Trump says he's changing his attitude on Syria, Assad - live updates

Last Updated Apr 5, 2017 9:03 PM EDT

President Donald Trump said in a joint news conference with Jordanian King Abdullah II bin Al-Hussein Wednesday his approach to Syria and Syrian president Bashar al-Assad is changing, especially in the wake of the “unacceptable” suspected chemical attacks that killed dozens Tuesday.

“That attack on children had a big impact on me,” Mr. Trump said. “Big impact.”

Mr. Trump’s response to questions about the chemical attack in Syria that killed at least 72 people didn’t rule out the possibility of military intervention in Syria, a seeming switch from the administration’s past reluctance to intervene in Syria and the Assad regime. Mr. Trump said the apparent chemical attack Tuesday, following previous similar attacks, “crossed a lot of lines for me,” and that his attitude towards Syria and Assad has already changed — “very much.”

“That was a horrible, horrible thing,” Mr. Trump said. “And I’ve been watching it and seeing it, and it doesn’t get any worse than that. And I have that flexibility. And it’s very very possible, and I will tell you, it’s already happened, that my attitude towards Syria and Assad have changed very much.”

Mr. Trump said the gas attacks take the conflict in Syria to a “whole different level,” and although he would have preferred to never enter the Middle East, ISIS formed in a vacuum after the U.S. began to withdraw. But the president, pressed further about whether his reluctance about getting involved in Syria has changed, said, as he customarily does, that he prefers not to elaborate on any military plans, as previous administrations have done.

“I’m not saying I’m doing anything one way or the other,” Mr. Trump said.

The president didn’t bring up Russia, which has said former president Barack Obama’s “red line” remarks prompted the attacks. Obama dubbed the use of chemical weapons in Syria as a “red line,” an ultimatum that led to threats of physical force against Assad before a peaceful resolution was reached instead.

Another issue that did not come up at Wednesday’s press conference was the White House memo that no longer lists chief strategist Steve Bannon on the National Security Council’s Principals Committee. That group consists of the president’s top national security officials and considers how policy affects national security.

Abdullah also condemned the chemical attack in Syria, saying it was a result of international failures. Assad said he “fully” supports and endorses the president as he looks at the possibility of intervening abroad.

Abdullah expressed his appreciation and support of Mr. Trump in the fight against terrorism.

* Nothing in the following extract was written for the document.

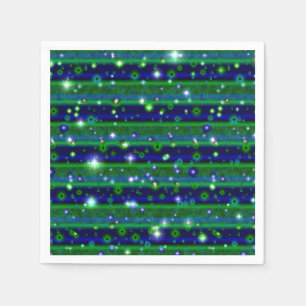 Guardanapo De Papel Bandas verdes azuis com estrelas e gotas de chuva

“Terrorism has no borders, no nationality, no religion,” Abdullah said, adding the role of the U.S. is “key.”

Abdullah said the U.S. can’t do all of the heavy-lifting,” emphasizing the need of foreign countries to aid the U.S. to eliminate this “national scourge” of terrorism. 

Abdullah is often considered one of the closest, if not the closest, U.S. allies in the Middle East. This isn’t the first time Mr. Trump has met with the Jordanian king. Mr. Trump in February met with Abdullah and discussed the possibility of establishing safe zones in Syria.


1:36 p.m. The press conference has ended. 

1:27: Mr. Trump said the chemical attack in Syria has had a “big impact” on him — so much so that he is approach to Syria and Assad “has changed very much.” 

“That attack on children had a big impact on me,” Mr. Trump said. “Big impact.”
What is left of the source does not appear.